A friend of mine, a prominent conservative Republican
who champions campaign finance reform (yes, there are some and we get
along marvelously!) recently told me he believes Obama’s decision was a
significant blow to the cause for reform. Six years ago, the
conservative majority on the Supreme Court tried to finish it off when
they ruled for Big Money — unlimited amounts of it — in their Citizens United decision.
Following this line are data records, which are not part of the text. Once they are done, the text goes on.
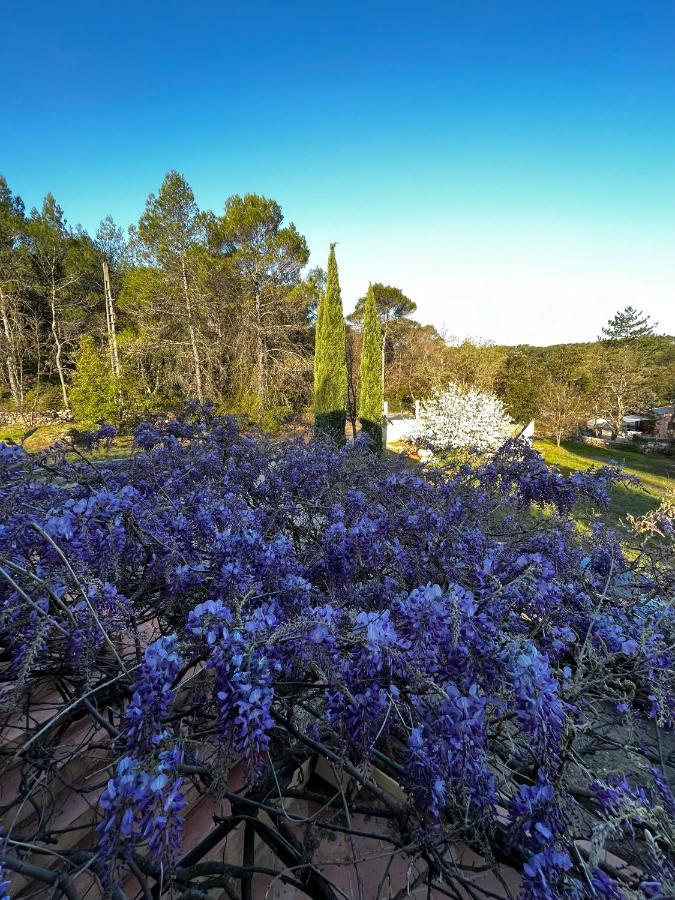 Natur & Jasmin Chambres D'Hotes Naturistes En Provence Lorgues Zewnętrze zdjęcie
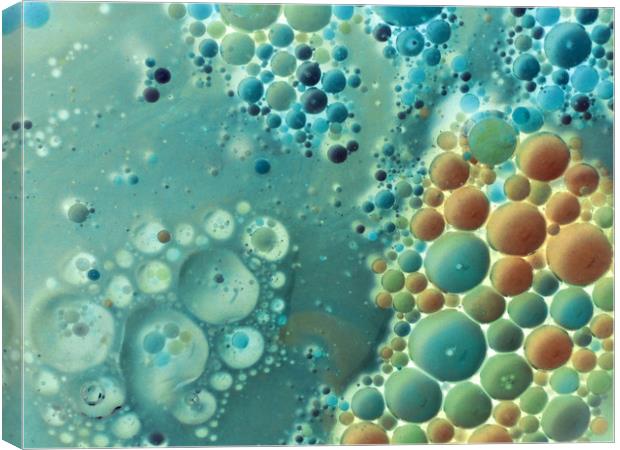 bubbles in aqua and amber Canvas Print by Heather Newton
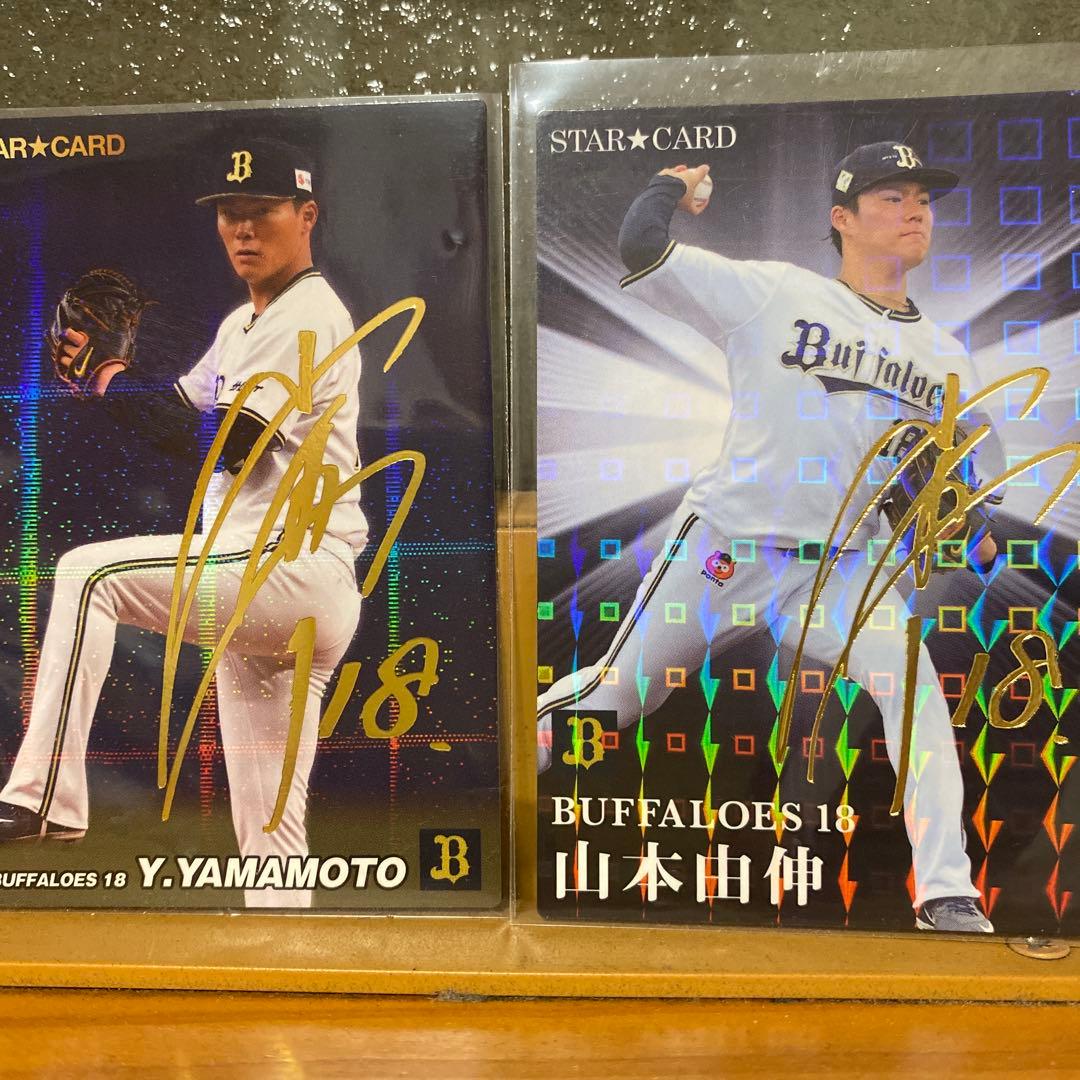 サッカー カラーマッチ 75シリ ハーランド panini haaland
In his first State of the Union in 2010, President Obama denounced Citizens United, saying that it would reverse a century of law and open “the floodgates for special interests.” He was just as blunt last year when he declared flatly that Citizens United
was “wrong” and had caused “real harm to our democracy.” Right on all
counts. Public interest advocates Lisa Gilbert of Public Citizen and
Stephen Spaulding of Common Cause recently reminded us that since Citizens United “special interests have spent over $500 million from secret, undisclosed sources.”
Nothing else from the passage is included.